*The data:*
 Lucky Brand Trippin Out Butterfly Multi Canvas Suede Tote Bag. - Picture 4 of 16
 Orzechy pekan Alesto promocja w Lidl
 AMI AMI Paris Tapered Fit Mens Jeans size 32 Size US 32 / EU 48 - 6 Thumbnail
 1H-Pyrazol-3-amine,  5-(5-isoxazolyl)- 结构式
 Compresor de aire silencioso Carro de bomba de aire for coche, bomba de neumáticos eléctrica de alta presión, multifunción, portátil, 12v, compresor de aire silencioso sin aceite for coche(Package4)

* * *

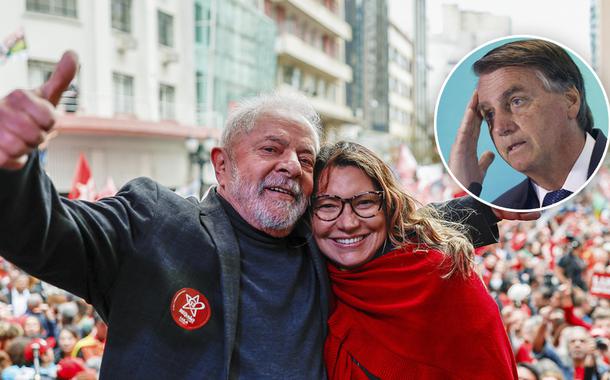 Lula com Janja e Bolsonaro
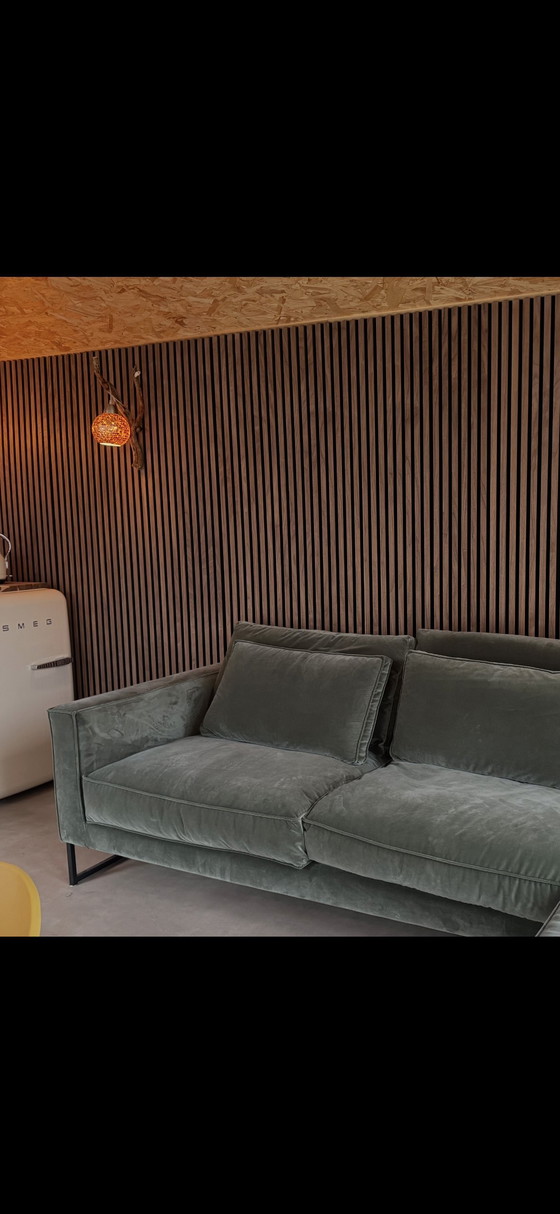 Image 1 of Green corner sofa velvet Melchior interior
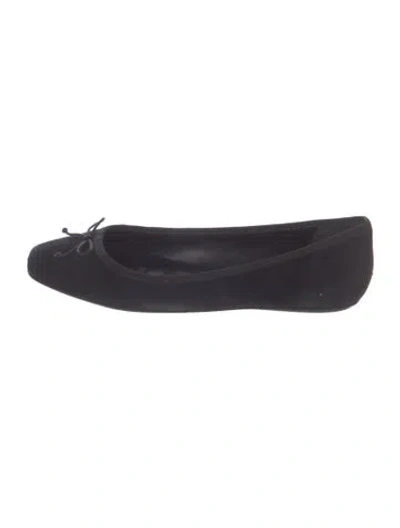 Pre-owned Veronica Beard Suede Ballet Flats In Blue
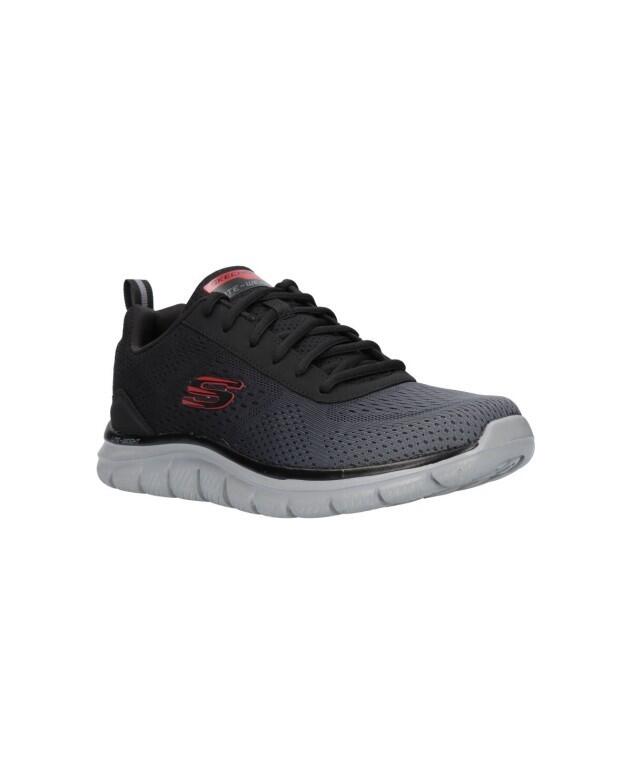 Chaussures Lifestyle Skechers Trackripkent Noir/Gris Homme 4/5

---

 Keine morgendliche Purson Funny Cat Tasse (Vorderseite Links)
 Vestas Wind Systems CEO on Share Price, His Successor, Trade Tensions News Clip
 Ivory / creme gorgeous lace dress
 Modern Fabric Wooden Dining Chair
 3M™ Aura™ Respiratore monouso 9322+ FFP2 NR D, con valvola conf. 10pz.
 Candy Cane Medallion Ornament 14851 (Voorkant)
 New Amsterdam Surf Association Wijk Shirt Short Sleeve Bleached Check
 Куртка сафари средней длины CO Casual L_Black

*Work instruction:* Only the lines above from the line containing "Lucky Brand Trippin" through the line containing "Compresor de aire silencioso Carro" should be retyped, exactly and with both ends included.

*Result:*
 Lucky Brand Trippin Out Butterfly Multi Canvas Suede Tote Bag. - Picture 4 of 16
 Orzechy pekan Alesto promocja w Lidl
 AMI AMI Paris Tapered Fit Mens Jeans size 32 Size US 32 / EU 48 - 6 Thumbnail
 1H-Pyrazol-3-amine,  5-(5-isoxazolyl)- 结构式
 Compresor de aire silencioso Carro de bomba de aire for coche, bomba de neumáticos eléctrica de alta presión, multifunción, portátil, 12v, compresor de aire silencioso sin aceite for coche(Package4)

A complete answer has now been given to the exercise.